PRESENTER: PETER WHITE
THE ATTACHED TRANSCRIPT WAS TYPED FROM A RECORDING AND NOT COPIED FROM AN ORIGINAL SCRIPT. BECAUSE OF THE RISK OF MISHEARING AND THE DIFFICULTY IN SOME CASES OF IDENTIFYING INDIVIDUAL SPEAKERS, THE Βι¶ΉΤΌΕΔ CANNOT VOUCH FOR ITS COMPLETE ACCURACY.


WHITE
A drug treating multiple sclerosis is expected to get the go ahead when NICE - the National Institute for Clinical Excellence - issues draft guidance tomorrow. It's acknowledged to be more effective, much more effective, than others that have gone before but with it it carries higher risks. So how do we, as patients, decide what is a risk worth taking? And how do the scientists working on new drugs decide what is a risk too far?

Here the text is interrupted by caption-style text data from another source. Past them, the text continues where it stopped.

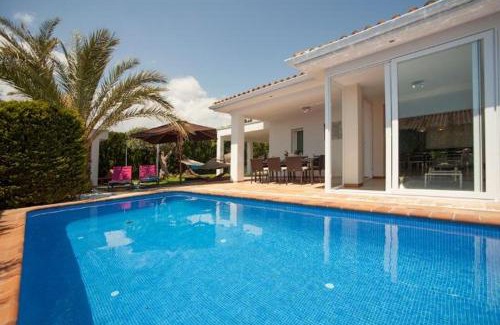 Bell Horizo Villa | Relax at Casa Rufina: Your 4-Star Poolside Retreat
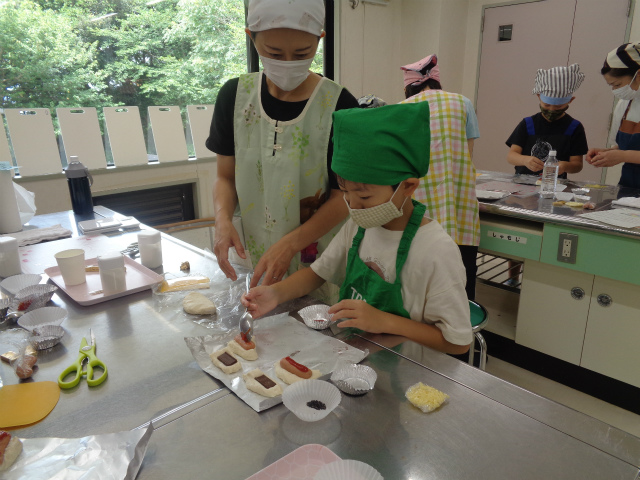 ソーセージパンを作る親子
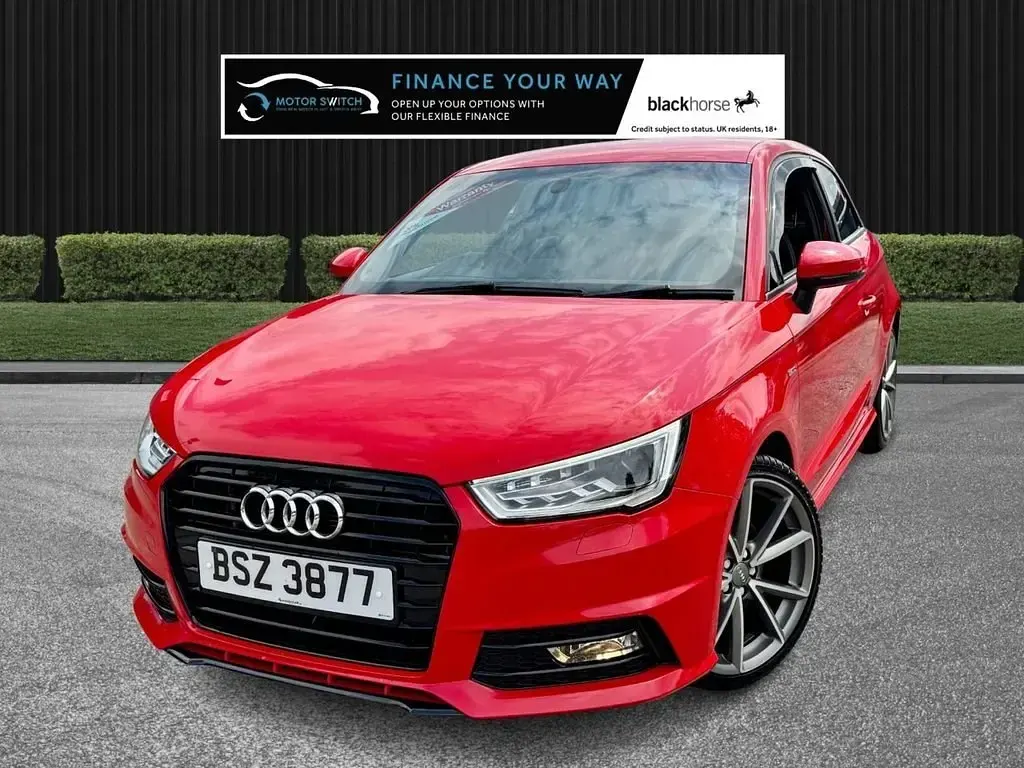 Usado Audi A1 Black Edition 150 HP (110 kW) 2017 Vermelho Citadino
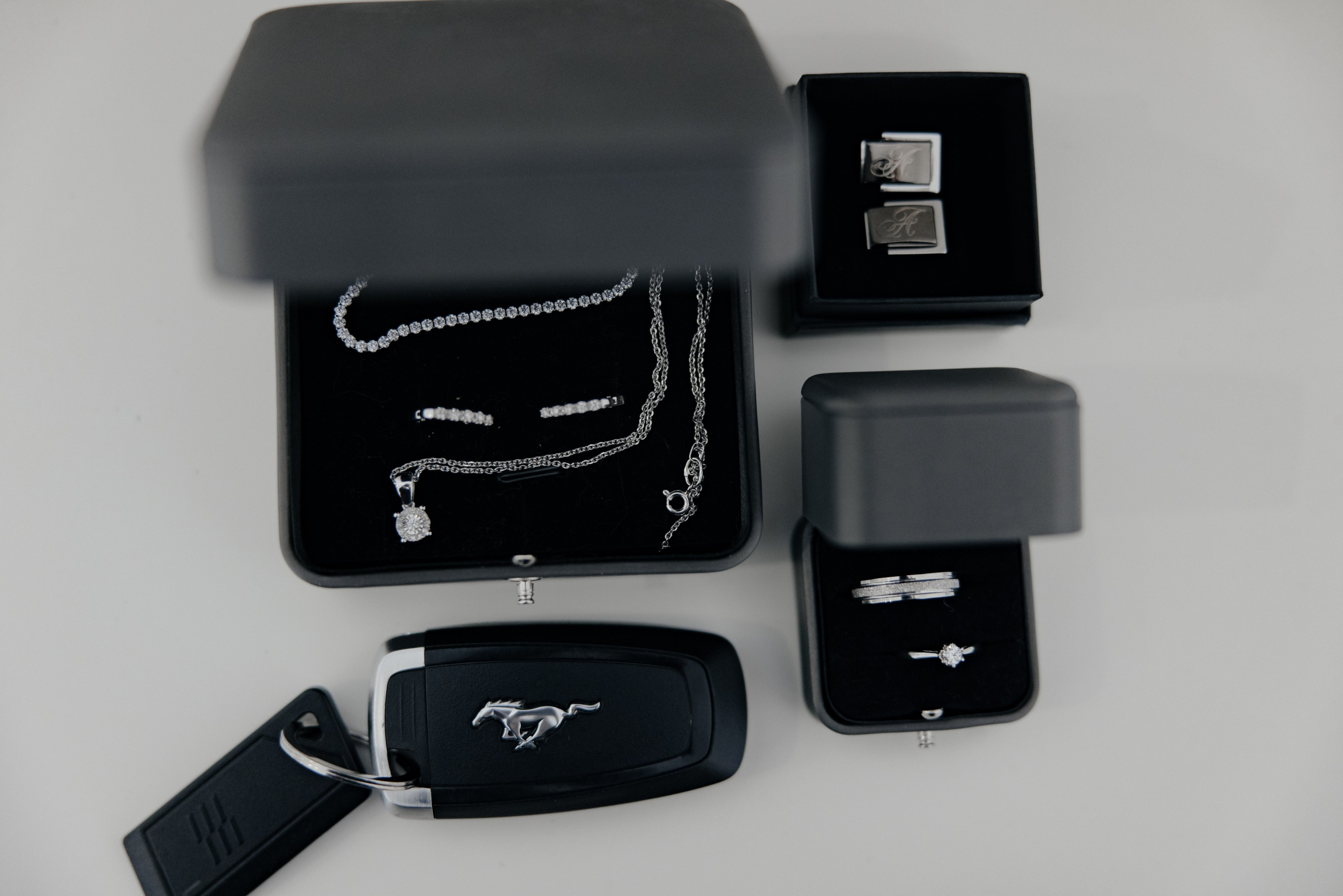 07.05.2024. RETOUCH-HOUSE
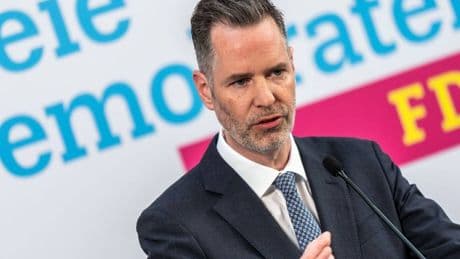 FDP-Parteitag in Berlin: Verjüngung und Kontinuität – Die Neuaufstellung der FDP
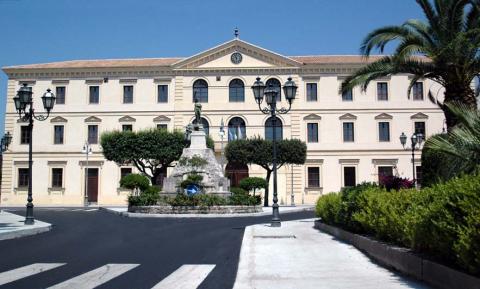 Locri – Il sindaco ai rappresentanti del Governo: “Locride abbandonata, aiutateci”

Well in a moment we'll be discussing some of these issues that it raises, with a scientist, a representative of patients and of the drug manufacturing industry. But first this from our reporter Carolyn Atkinson:

ATKINSON
Well historically medicinal drugs have been what are called chemicals, they're chemical compounds, they're made up of small molecules either derived from plants or synthetically made, so things like morphine or paracetamol for example. They're injected or taken orally and the active bit passes round the body and it works its magic. Now though we have a new group of drugs known as the biologicals, which incidentally are a British invention. Now they're larger molecules, they're proteins, and they're all antibodies. So the molecule targets very precisely one type of structure in the body which has gone wrong in a disease say like cancer and it works like a lock and a key, so it's much more effective. Now cancer treatments are a very good example that we can use to illustrate the difference between chemicals and biologicals. Chemotherapy, for example, the chemical approach is a widespread attack, as well as targeting the tumour it also affects the rest of the body quite adversely in some cases. Now the new biological approach would be drugs like Herceptin and Avastin, which have been in the news very much recently. They target a tumour and not the whole body but with that comes a much higher risk, they're much cleverer but there's much more that can wrong.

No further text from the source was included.